And then I am a mother! I am a good mother! And I fight like a mother bear when attacked on my children! I know the accusations are false. They are so false that they are ludicrous, but they hurt. People parent differently. I was accused of not loving my kids.... oh, if I was a swearing type of a person, I would throw in few choice ones here! My kids feel loved, safe, secure, and cared for with me. They have deep meaningful discussions with me when they are alone because they trust me. They know their mom will tell them the truth and will be there. I do make them work. I firmly believe that chores are a part of good raising and will help them be successful as adults. I do not baby my kids and do everything for them. It is not a sign of lack of love, but a determined love. I love them, so I raise them to be capable. I work with them, and sometimes they enjoy working. Sometimes they don't, but that is ok.... life, sadly, is not all enjoyable. But, grrr.... to accuse me of not loving my kids simply because I chose to parent in a different way. I walked away because the temptation to yell.... throw something... blow up... whatever was too strong. Those are lies. (What is that I always tell my kids? Don't respond to idiots telling lies about you - they are too stupid to listen to you and those that love you won't listen to them.)
The second thing that bothers me is that some people still consider me "damaged goods" because I was sexually abused. Hmpf.... working in the wrong profession then, I think, if you don't believe in the transforming power of God! Do I have areas of scars? Probably. I wince faster when I see someone's face get that serious, far-away look when some topics are brought up. I am more sensitive to listen to pain that they may not talk easily about. I watch children and who hangs out with them and how they act. Jesus has scars, too. I will never be the snow-white, beautiful image of innocence - that bland, unaware innocence that never believes evil can happen. But I will be the one in the trenches fighting for those who hurt. And if occasionally in that, I feel triggers of my own pain, and I cry, so be it! I would rather be damaged than a damager - like those who throw words like spears.

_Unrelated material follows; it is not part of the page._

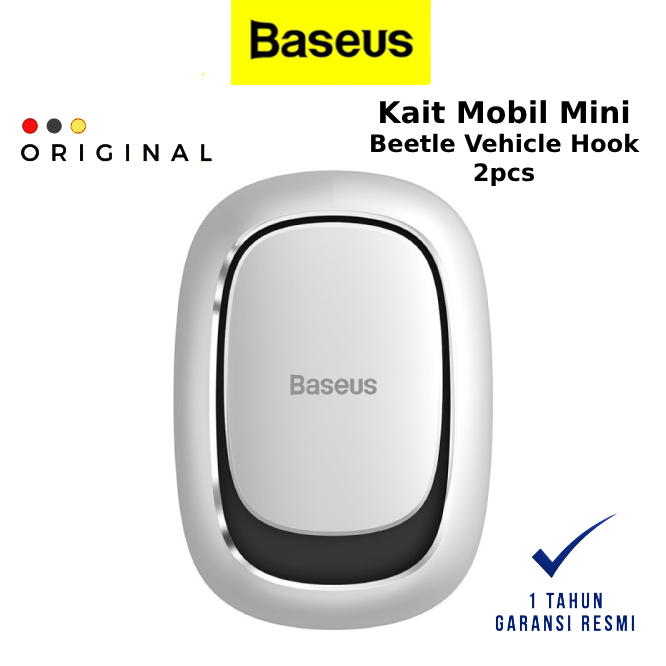Baseus Beetle Vehicle Hook - BASEUS OFFICIAL STORE ( CODE 10124 ) / GANTUNGAN MINI MOBIL BASEUS / KA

All week, I have been thinking, when I have been thinking straight and not crying, about my grandpa. Not only was my grandpa one of the kindest, gentlest men I have ever met, he loved me. There is a special place in my heart for him because he had a special place in his heart for me. I was not "the strong willed child" or "the trouble-maker" to him. I was loved. But it was only a few months after I got engaged that one of the side diamonds fell out of my engagement ring. I was horrified. My fiance was not in the country, and my ring had broke. My mom gave me a little piece of black construction paper with two shiny things scotch-taped on it. Seriously, they looked like glass glitter.
My grandpa was always helping people. He had helped this old neighbor move and clean out his house. As thanks, after the months of work it took, the old loner had given him this black construction paper with two pieces of "jewels" scotch-taped on. He told my grandpa they were diamonds and would pay back the debt the man owed him. My grandpa just smiled and said thank-you. He passed them on to my mom saying that they are most likely nothing, but could be worth something. They sat in a box on my mom's dresser for another few years.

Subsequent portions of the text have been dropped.